Each participant only heard the target as always high f0 or always low f0 within both high f0 and low f0 two-talker masker babble. The first 20 stimuli that each participant heard were those with an SNR of +15 dB (familiarization), and the subsequent 80 stimuli were those with an SNR of +1 dB (experimental). The order of presentation of stimuli within the familiarization phase and the experimental phase was randomized across participants.

2.3. Procedure

The experiment was conducted remotely online using Gorilla Experiment Builder [53]. Participants first completed the consent process and then were asked a set of eligibility questions. Participants under 18 and over 65, as well as non-native English-speaking participants, were excluded from the experiment. Participants then completed a headphone task [54] to ensure they wore headphones during the experiment. This task played three audio signals, one of which was 180° out of phase, and participants were instructed to select the quietest tone. If participants were not wearing headphones, the out-of-phase signals would interfere and cancel each other out, leading to an incorrect selection of the quietest tone. Any participant who scored below 83% was rejected from the experiment and did not continue on to the main experimental task. Audio levels in the experiment were set by the participant to a comfortable volume.
The 20 participants who passed the headphone task then completed the main experimental task. To ensure participants could recognize which speaker was the target, an initial familiarization consisted of a set of 20 sentential stimuli with relatively quiet masker speech (+15 dB SNR). Participants were instructed to type each target sentence. The 20 participants then completed the main experimental task, in which the target speech was presented at an SNR of +1 dB.
Performance on the task was calculated by keyword accuracy. Each of the 80 experimental sentences had five keywords, for a total of 400 keywords binarily coded as 1 for Correct and 0 for Incorrect for each participant. Misspelled words were considered incorrect. All versions of any homophones were counted as correct. Finally, participants completed a language background questionnaire containing questions about demographic information and language experience.
The experimental stimuli and procedure in Experiment 1 that manipulated f0 were designed to (1) replicate previous findings in competing speech perception and (2) offer results that can be equitably compared to those in Experiments 2–5 that manipulate speaking rate (Exp. 2), f0 and speaking rate (Exp. 3), and language of the masker (Exps. 4 and 5).
It was predicted that when target and masker share f0 (high f0 talker and high f0 masker, low f0 talker and low f0 masker), accuracy in target speech perception within competing speech will be low. When target and masker mismatch in f0 range (high f0 talker and low f0 masker; low f0 talker and high f0 masker), it was predicted that accuracy in target speech perception within competing speech will be higher.

2.4. Results

Figure 1 shows the mean accuracy on the sentence transcription task when target and masker f0 matched and mismatched.

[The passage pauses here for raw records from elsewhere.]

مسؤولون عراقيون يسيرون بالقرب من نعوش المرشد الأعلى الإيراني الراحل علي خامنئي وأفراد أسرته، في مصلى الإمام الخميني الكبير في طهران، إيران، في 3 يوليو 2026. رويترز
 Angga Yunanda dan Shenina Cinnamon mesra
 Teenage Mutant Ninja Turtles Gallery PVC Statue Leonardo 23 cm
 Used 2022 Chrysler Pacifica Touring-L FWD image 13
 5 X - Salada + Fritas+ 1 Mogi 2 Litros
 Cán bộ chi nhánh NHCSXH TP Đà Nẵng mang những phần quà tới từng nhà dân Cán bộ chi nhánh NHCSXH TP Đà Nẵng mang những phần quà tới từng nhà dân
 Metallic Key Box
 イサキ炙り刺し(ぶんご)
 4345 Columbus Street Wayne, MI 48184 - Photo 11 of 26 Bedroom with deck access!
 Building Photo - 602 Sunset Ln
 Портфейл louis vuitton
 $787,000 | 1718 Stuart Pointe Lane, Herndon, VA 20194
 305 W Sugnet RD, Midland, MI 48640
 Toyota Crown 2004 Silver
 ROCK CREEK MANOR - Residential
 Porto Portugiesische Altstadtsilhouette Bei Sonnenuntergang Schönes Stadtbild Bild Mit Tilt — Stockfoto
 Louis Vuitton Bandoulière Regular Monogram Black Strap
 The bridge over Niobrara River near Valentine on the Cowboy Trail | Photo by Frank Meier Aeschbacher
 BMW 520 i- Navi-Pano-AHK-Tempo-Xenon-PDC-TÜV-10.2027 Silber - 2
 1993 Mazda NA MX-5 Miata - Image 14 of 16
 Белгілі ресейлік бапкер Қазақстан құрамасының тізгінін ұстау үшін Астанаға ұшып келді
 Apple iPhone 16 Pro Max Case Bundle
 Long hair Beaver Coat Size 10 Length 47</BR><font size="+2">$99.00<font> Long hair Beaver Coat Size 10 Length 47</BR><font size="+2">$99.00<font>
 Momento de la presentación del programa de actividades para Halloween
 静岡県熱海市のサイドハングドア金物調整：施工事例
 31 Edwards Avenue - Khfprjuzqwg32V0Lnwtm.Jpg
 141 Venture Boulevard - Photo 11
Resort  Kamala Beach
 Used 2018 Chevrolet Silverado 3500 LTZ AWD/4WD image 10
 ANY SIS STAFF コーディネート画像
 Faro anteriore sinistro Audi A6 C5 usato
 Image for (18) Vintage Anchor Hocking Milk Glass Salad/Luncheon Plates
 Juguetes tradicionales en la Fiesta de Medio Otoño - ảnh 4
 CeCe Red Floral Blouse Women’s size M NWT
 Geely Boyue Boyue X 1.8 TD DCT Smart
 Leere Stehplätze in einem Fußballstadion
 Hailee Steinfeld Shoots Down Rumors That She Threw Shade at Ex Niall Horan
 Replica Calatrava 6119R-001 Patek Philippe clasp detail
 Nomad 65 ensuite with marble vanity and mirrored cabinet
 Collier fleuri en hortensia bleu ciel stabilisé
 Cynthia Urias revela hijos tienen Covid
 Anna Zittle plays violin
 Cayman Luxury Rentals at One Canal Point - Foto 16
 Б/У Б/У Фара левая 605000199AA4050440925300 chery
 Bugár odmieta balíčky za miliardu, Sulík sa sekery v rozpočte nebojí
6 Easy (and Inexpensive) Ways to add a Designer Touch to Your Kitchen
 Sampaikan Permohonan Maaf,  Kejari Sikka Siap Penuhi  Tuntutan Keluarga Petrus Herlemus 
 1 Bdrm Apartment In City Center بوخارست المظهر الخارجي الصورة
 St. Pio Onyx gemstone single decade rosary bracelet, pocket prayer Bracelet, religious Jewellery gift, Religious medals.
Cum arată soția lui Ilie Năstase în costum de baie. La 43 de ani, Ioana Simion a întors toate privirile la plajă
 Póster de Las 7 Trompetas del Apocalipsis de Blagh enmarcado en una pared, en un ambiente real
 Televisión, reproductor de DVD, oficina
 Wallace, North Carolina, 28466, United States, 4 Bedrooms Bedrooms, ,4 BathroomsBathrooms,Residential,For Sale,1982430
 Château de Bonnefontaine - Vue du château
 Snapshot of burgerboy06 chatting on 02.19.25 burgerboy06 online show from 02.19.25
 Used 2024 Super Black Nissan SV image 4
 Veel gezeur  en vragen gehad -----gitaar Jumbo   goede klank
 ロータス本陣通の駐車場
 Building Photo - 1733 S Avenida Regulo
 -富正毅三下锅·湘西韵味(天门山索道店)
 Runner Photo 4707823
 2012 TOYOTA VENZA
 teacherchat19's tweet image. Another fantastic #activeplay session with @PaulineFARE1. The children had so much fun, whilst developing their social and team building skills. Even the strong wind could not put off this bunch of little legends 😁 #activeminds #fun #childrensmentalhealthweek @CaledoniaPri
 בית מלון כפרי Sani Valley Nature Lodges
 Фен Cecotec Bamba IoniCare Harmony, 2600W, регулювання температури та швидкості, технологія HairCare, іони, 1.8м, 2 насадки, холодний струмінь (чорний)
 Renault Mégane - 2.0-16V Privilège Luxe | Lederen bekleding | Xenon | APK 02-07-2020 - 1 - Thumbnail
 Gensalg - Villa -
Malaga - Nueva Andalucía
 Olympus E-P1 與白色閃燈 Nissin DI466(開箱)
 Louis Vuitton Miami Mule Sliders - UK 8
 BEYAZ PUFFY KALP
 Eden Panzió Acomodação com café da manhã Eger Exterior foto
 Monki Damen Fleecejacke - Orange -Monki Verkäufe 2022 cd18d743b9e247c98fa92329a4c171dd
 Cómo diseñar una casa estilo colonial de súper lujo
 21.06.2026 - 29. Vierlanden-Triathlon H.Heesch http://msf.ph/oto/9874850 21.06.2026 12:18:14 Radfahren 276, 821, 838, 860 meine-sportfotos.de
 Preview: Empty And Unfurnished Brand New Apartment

A logistic mixed-effects regression model was run on keyword accuracy scores for the sentence transcription task using the glmer() function of the lme4 package [55] in R [56] (v. 4.3.0). A best fitting model was identified by stepwise backward likelihood-ratio tests (α = 0.05) using the anova() function in R. The maximal starting model included fixed effects of f0 Match (match vs. mismatch; reference = match) and Target f0 (high vs. low; reference = high) and their interaction, and random intercepts and by-subject and by-item slopes for both fixed effects Target f0 and f0 Match as well as their interaction. F0 Match trials included trials where the target and masker speech both had a high f0 or both had a low f0, and Mismatch trials included trials where the target and masker speech mismatched in f0 (one high and one low f0). Accuracy scores were binarily coded as Correct (coded as 1) and Incorrect (coded as 0). Table 1 contains the best fitting model results.
The significant positive simple effect of f0 Match indicates that accuracy for f0 Mismatch conditions (66%) was significantly higher than for f0 Match conditions (53%). Analysis of each participant’s mean accuracy for f0 Match and f0 Mismatch conditions indicated that all participants had higher accuracy scores for f0 mismatch compared to match conditions.
Target f0 did not remain after backwards fitting, indicating that no statistically significant amount of variance in accuracy scores could be explained by knowing whether target speech had a high or low f0.

Discussion

The results of Experiment 1 support the present hypothesis that f0 mismatch conditions yield an advantage over f0 match conditions in competing speech perception. When target and masker shared f0, regardless of whether f0 was high or low, accuracy in target speech perception within competing speech was lower than when target and masker mismatched in f0. This pattern was found for every participant, indicating its robustness.
These results replicate previous findings that a similarity in f0 between target and masker speech makes speech segregation more difficult. This supports what was found when target and masker mismatched in sex [13,14,15], f0 [17], both f0 and vocal tract length [16], and f0 contour [18]. For the present experiment, which varied f0 values for speakers of the same gender, the data clearly show that a similarity in f0 between target and masker speech makes speech segregation much more difficult.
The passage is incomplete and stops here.